Степан Михайлович покачал головой.
– Про «Эклиптику» вообще забудь. Ставок нет. И вообще, иди-ка ты, братец, отсюда с Богом.
– Не уйду! – я вцепился в стул. – Мне нужно практику пройти. Никуда не уйду!
Замначальника достал из кармана платок, вытер пот со лба и шеи. Потом снял телефонную трубку:
– Зиночка, позови сюда Бориса. Тут одного посетителя припадочного надо к выходу проводить.

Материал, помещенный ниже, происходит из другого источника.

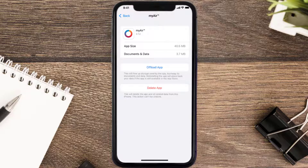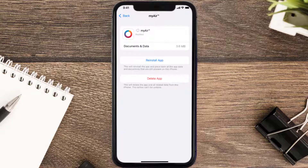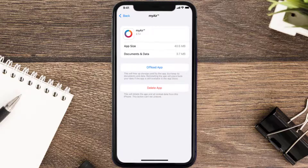Once you're on this screen, tap on Offload App, then tap again to confirm. It'll take a bit for processing, and then a Reinstall button will show up — simply tap on it to reinstall the app. This should fix the issue.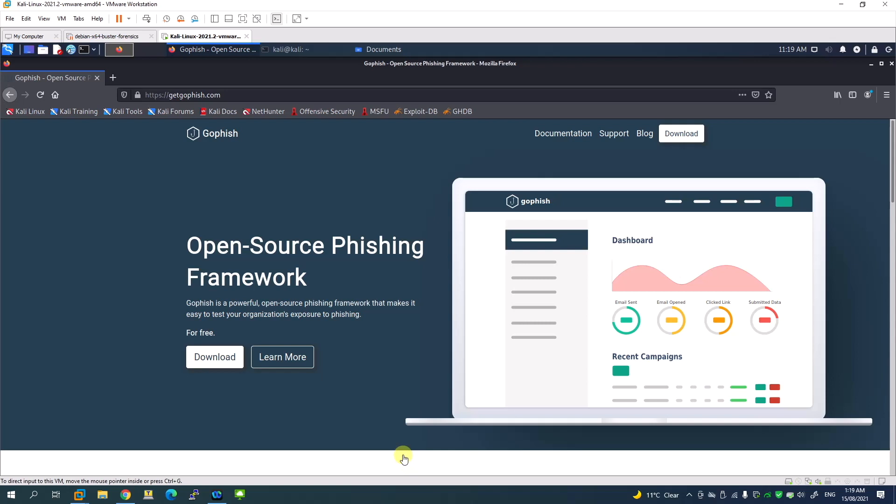Welcome to FaceIT.net. Today in this video tutorial, I'm going to show you how to install GoFish, the phishing framework, on Kali Linux. To do that, we first go to gofish.com to download the framework.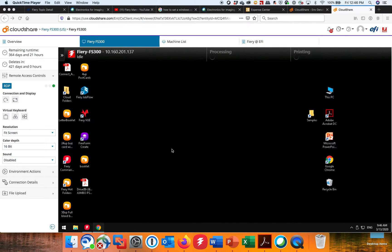Hello everyone, James Preen from EFI again with a quick video here. Right now what I want to show you guys is how you can set up an automatic backup using Fiery System Restore.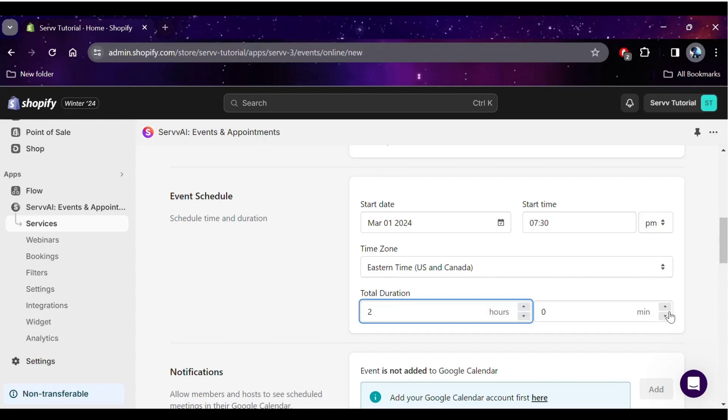Surf also allows you to edit the time zone according to your needs, so you can create events in whatever time zone best suits you.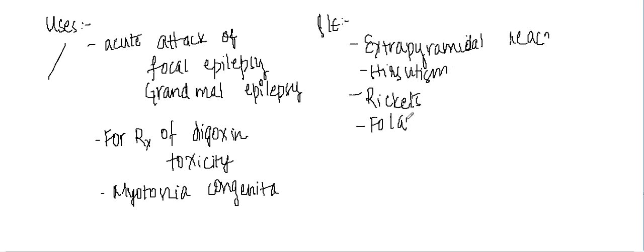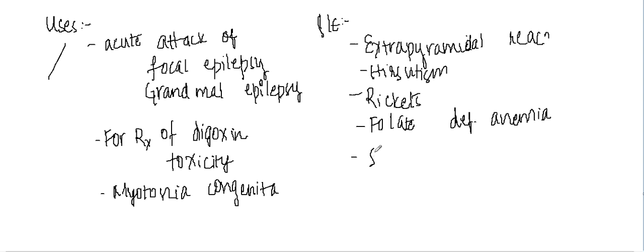It can cause folate deficiency anemia, that is megaloblastic anemia. It can cause Stevens-Johnson syndrome and gum hypertrophy is also there.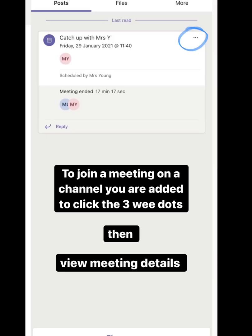All classes have a channel where their meetings are scheduled. If you're looking to join a meeting on a channel you're added to then click on the three little dots at the top right hand side.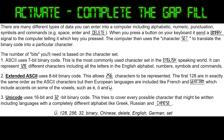The second character set is Extended ASCII, which uses 8-bit binary code, allowing 256 characters to be represented. The first 128 are in exactly the same order as the ASCII characters, but then European languages are included, like French and German, which include accents on some of their vowels such as E, O, and U. The third is Unicode, which uses 16- and 32-bit binary code. This tries to cover every possible character that might be written, including languages with a completely different alphabet, like Greek, Russian, and Chinese.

Вечером в МДМ я отдал все свои деньги новому знакомому Василию. Специально, чтобы не на что было возвращаться в Ленинград. Оставил себе десятку, на всякий случай. На десятку все равно билет не купишь, даже по студенческому. Василию деньги позарез нужны были, он к невесте своей ехал в Могилев, расчет после рейса только через неделю, а ему срочно надо было. Мириться. С Василием мы познакомились случайно. Когда я вечером пришел в Дом Моряка, обнаружилось, что комната, в которой я ночевал, заперта. Постучал в соседнюю комнату, чтобы узнать, где ребята. Оттуда голос: войдите! Сидит там парень молодой, невеселый какой-то. Комната пустая, будто нежилая, даже стола нет, только кровати без белья и чемодан посередине. Спрашиваю: не знаете, где соседи – Рустам, Анатолий Степанович. Он: понятия не имею, в рейсе, наверное. Про Семенова Николая он тоже ничего не знал. Я набрался смелости: можно у вас переночевать? Валяй! – равнодушно махнул рукой парень. Это и был Василий. Жил он по-спартански, даже белье не удосужился у кастелянши получить, спал на голых пружинах. Какое там белье, говорит, когда в Могилев срочно надо ехать. А что ж не едешь, спрашиваю. Денег нет, расчет не дают. Он и не ел ничего эти три дня, кажется. Поужинали с ним батоном и кефиром, которые я по дороге купил. Говорить Василий мог только про Могилев, да про свою Оксану. Твердил, какая она распрекрасная, а он какой дурак и скотина. Тут меня и осенило: отдам ему деньги. Пусть едет к своей Оксане, а то, пока расчета дождется, свихнется здесь окончательно.